In realtà le parole della formula più antica non esprimono un castigo, ma dicono cosa è l’uomo se guarda se stesso senza una ‘parola’ che ne sveli in qualche misura il significato nascosto.
Se uno guarda solo la propria vita che può dire? E’ un vivente destinato a morire; corrono veloci più della spola i suoi giorni e subito finiscono, direbbe Giobbe, come per mancanza di filo.
Già questa è una prima conversione: ricordarsi di essere polvere; e ci si libera dalla possibile arroganza di dare un senso a se stessi senza Dio. Mi pare che guardare spietatamente la propria precarietà sia il modo migliore per liberarsi dalle illusioni e dalle invidie; come pure dalla paura dei potenti e dalle voci del mondo.

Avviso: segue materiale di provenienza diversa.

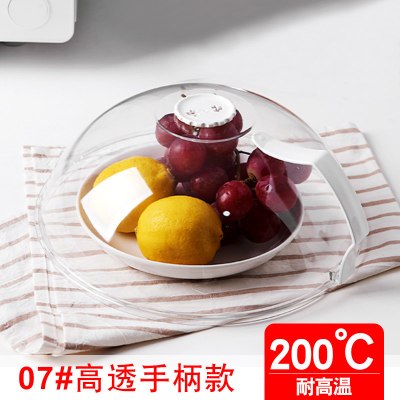敬平(JING PING)微波炉加热盖家用保鲜盖透明可高温罩子保温食物罩菜盖剩菜盖菜罩 07#大号高透明白色手柄款(饭罩
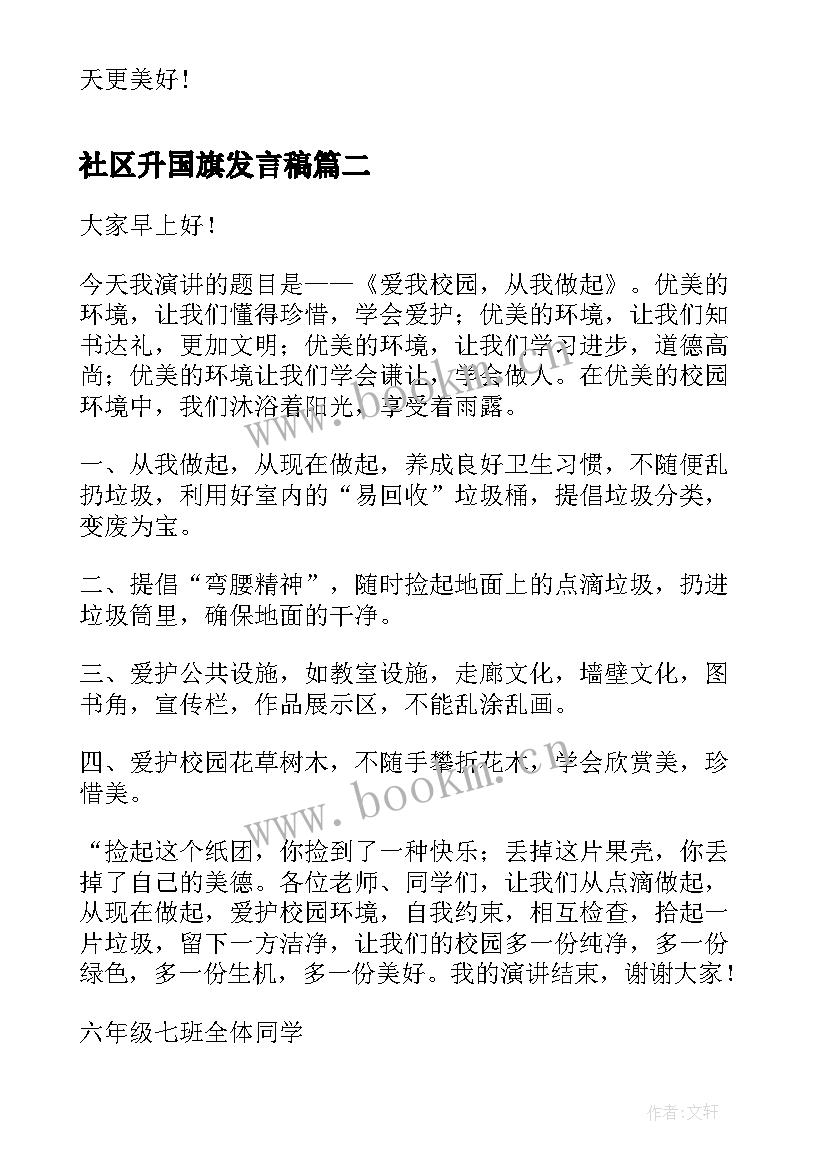 2023年社区升国旗发言稿(汇总10篇)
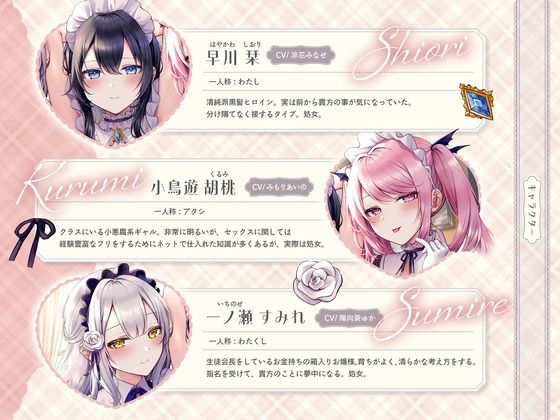 メイド嫁ハーレム〜マッチングした美少女JKと甘々ラブラブ＆乱交エッチ サンプル1ページ目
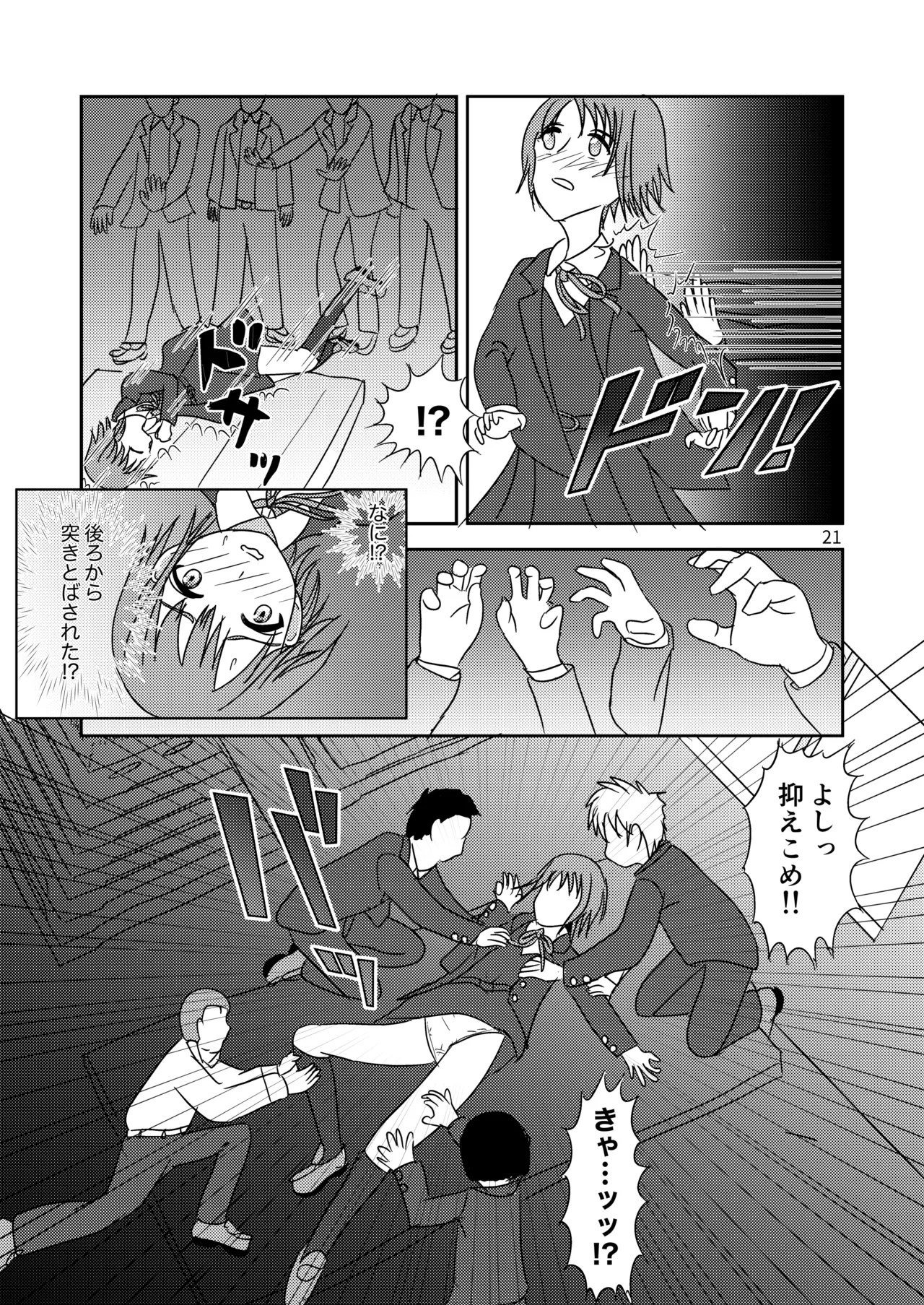 しなやかでむだ肉ひとつない乙女 Page.22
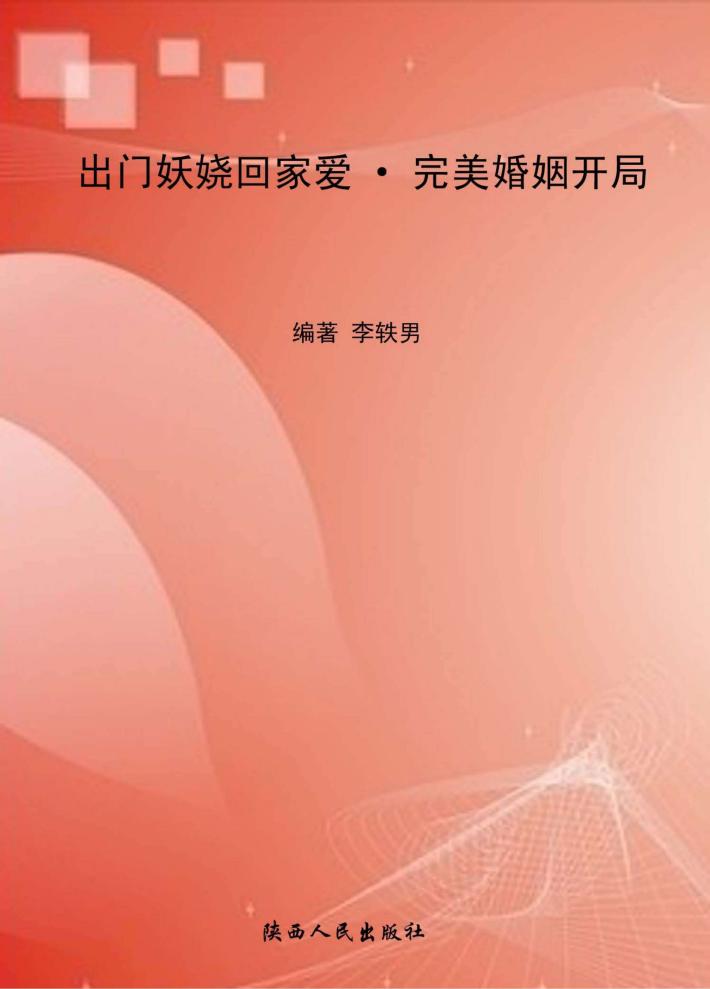 出门妖娆回家爱  完美婚姻开局 封面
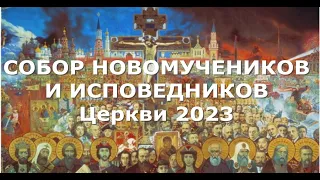Собор новомучеников и исповедников Церкви Русской 2023| Как относится верующему Украинцу к празднику
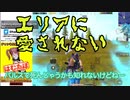 久しぶりにぱぶじーした訳だが…（ソロスク）PUBGmobile/PUBGモバイル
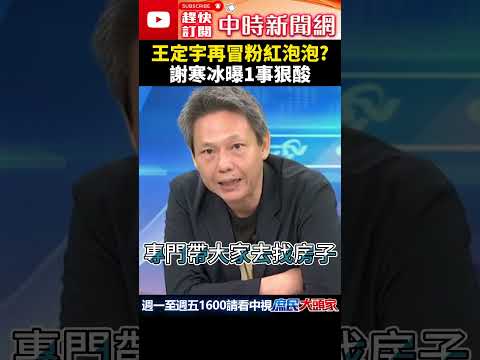 王定宇再冒粉紅泡泡？　謝寒冰曝1事狠酸：很不應該  @ChinaTimes #shorts    #王定宇    #謝寒冰    #想要妳    #粉紅泡泡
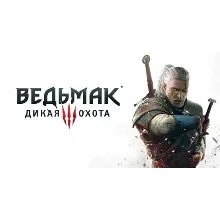 Ведьмак 3 Дикая охота ps4/ps5 (П2,П3) Навсегда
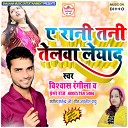 Vishwash Rangila feat Prabha Raj - Ye Rani Tani Telawa Leyad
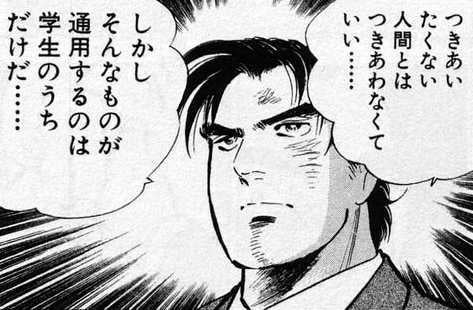 鉄 は 熱 い う ち に 打 て (*゚∀゚)=3ムッハー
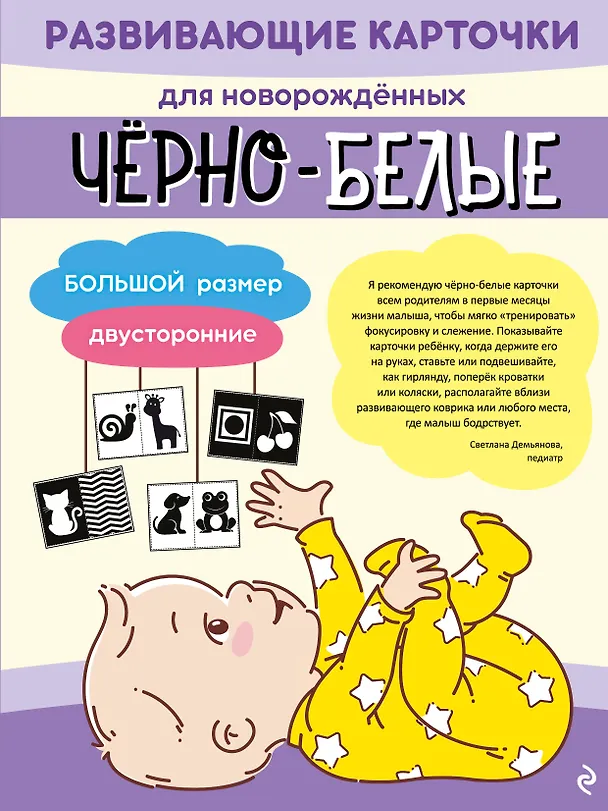 Книга Чёрно-белые развивающие карточки для новорождённых () — 1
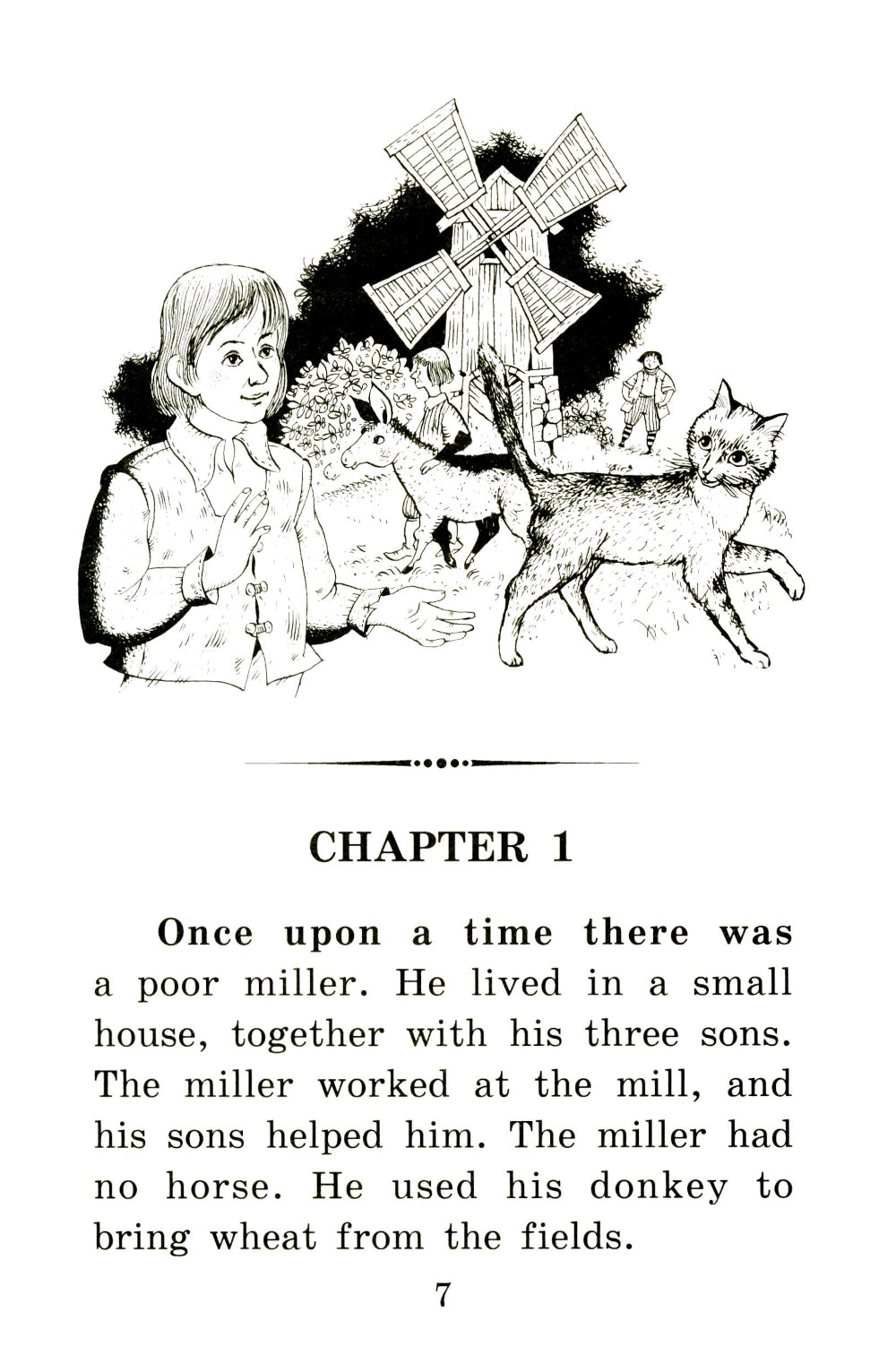 Кот в сапогах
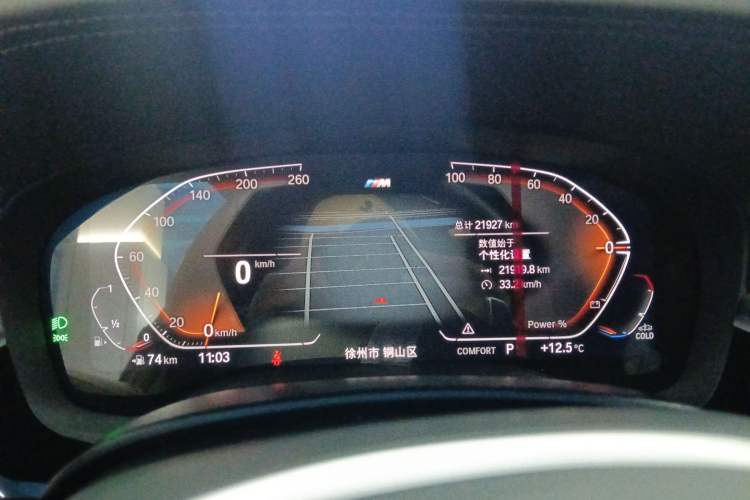 Used BMW 5 Series 2023 530Li Leading Model M Sport Package Instrument Cluster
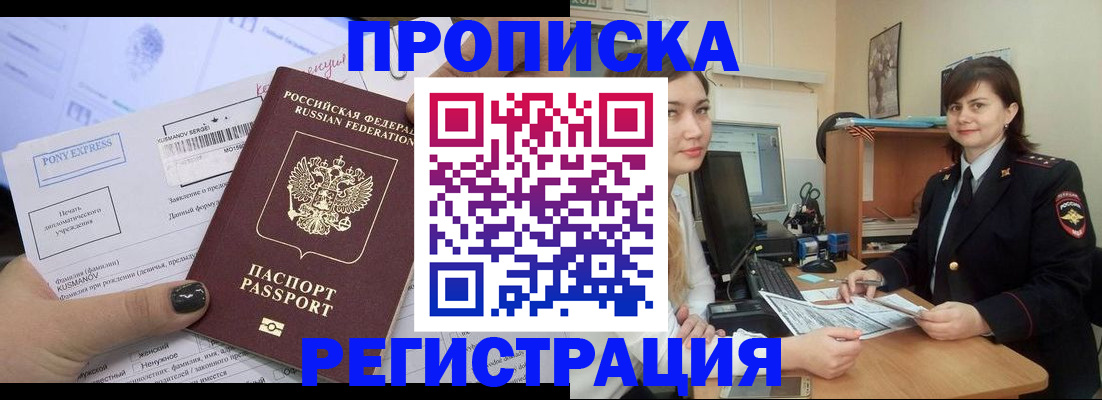 прописка гарантия в Новой Ляле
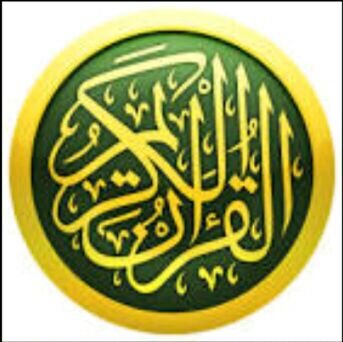 قال الشافعي - رحمه الله -: ما ناظرت أحداً فأحببت أن يخطئ.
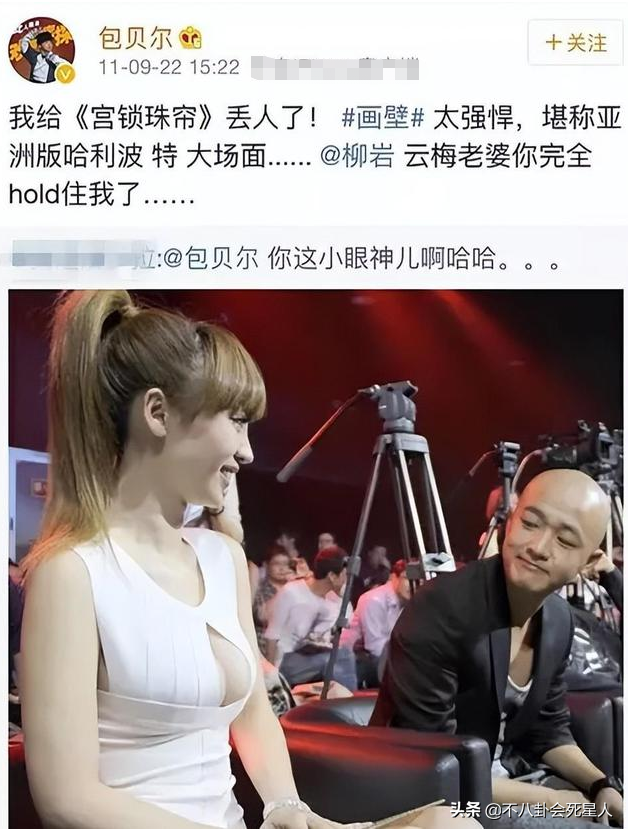 胸大的女明星(从柳岩到杨幂胸大也是烦恼？总被男星盯着胸看，参加综艺也不例外)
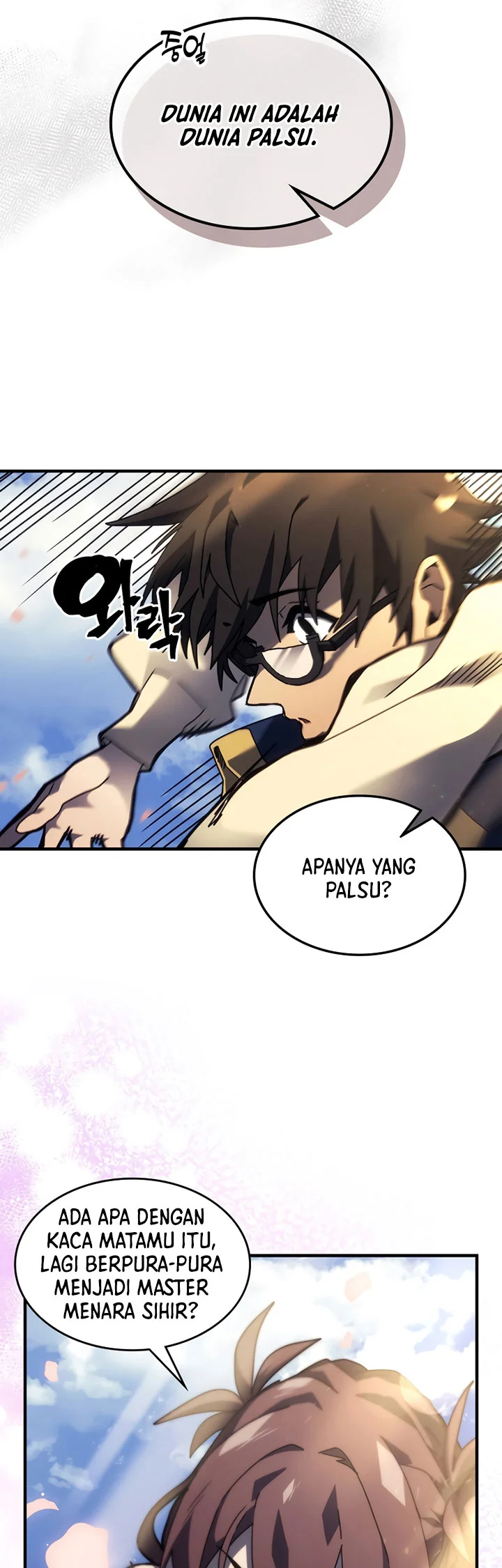 A Returner's Magic Should Be Special Chapter 256 Gambar 27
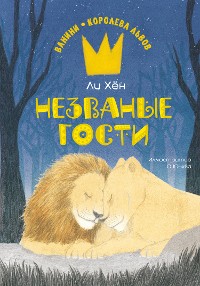 Cover Незваные гости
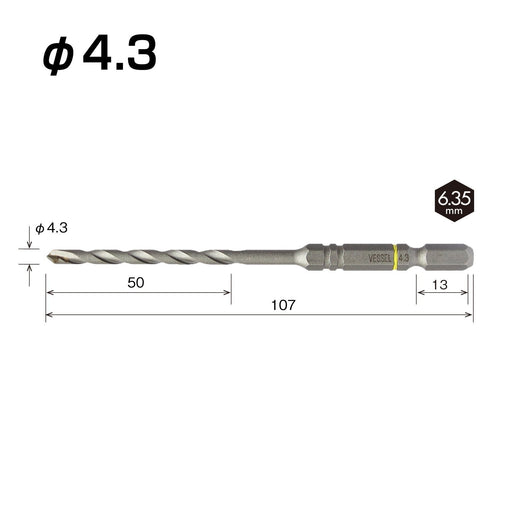 Vessel 4.3mm ACD-4.3 High-Quality Cushioned Concrete Drill Bit-Kiichin - The #1 Place for Japanese Goods in Your Hand!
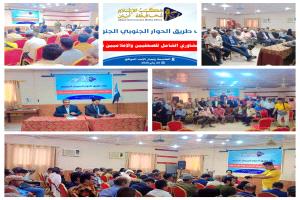 رفض كامل للوصاية على محافظة ابين من غير ابنائها الموجودين في الداخل  الذين يعيشون واقعها ومعاناتها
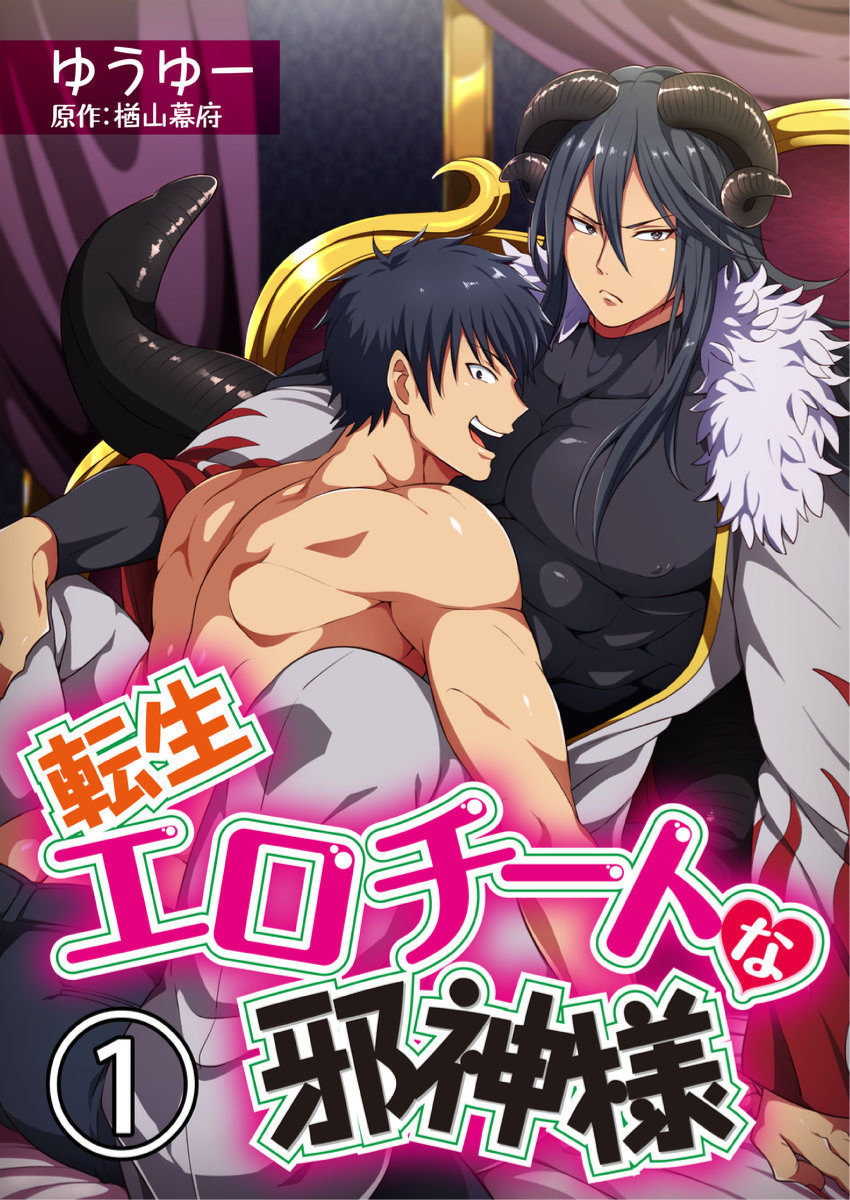 [Yuuyuu, Narayama Bakufu] Tensei Ero Cheat na Jashin-sama | 转生成为拥有工口外挂的邪神大人 1 [Chinese] [拾荒者汉化组] [Digital] - Page 1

Cantiamo spesso il Salmo 8 in cui il salmista si chiede: “Ma che cosa è mai l’uomo perché tu, Dio, te ne dia pensiero?”. Guarda verso Dio e si fa questa domanda; già perché se guardasse se stesso riconoscerebbe di essere solo polvere. Invece guarda a Dio e si accorge di una verità che lo riempie di meraviglia: sarà pure nullità quest’uomo, ma Dio si ricorda proprio di lui, è sospeso alla tenace memoria di Dio, che non dimentica e non trascura, che non sorvola…
Se paragono me stesso all’immensità del cielo, dice il salmista, al tempo, alla morte, al ciclo delle generazioni, al numero sterminato di vite umane che passano…non sono nulla; ma guardo Dio e mi rendo conto che si preoccupa di me.
È qui la seconda conversione: mutare direzione al proprio sguardo. Solo chi guarda Dio vive.
Il Salmo 90 dice che l’uomo è come “l’erba che germoglia al mattino; a sera è falciata e dissecca”. Dice, cioè, della condizione umana che al suo mattino sembra carica di futuro, attraversata da una incredibile energia. Ma precaria. Ora: tutto il Vangelo dice che Dio ha amato la precarietà. Mercoledì riceveremo le ceneri sul capo, faremo così memoria del nostro nulla e del suo amore.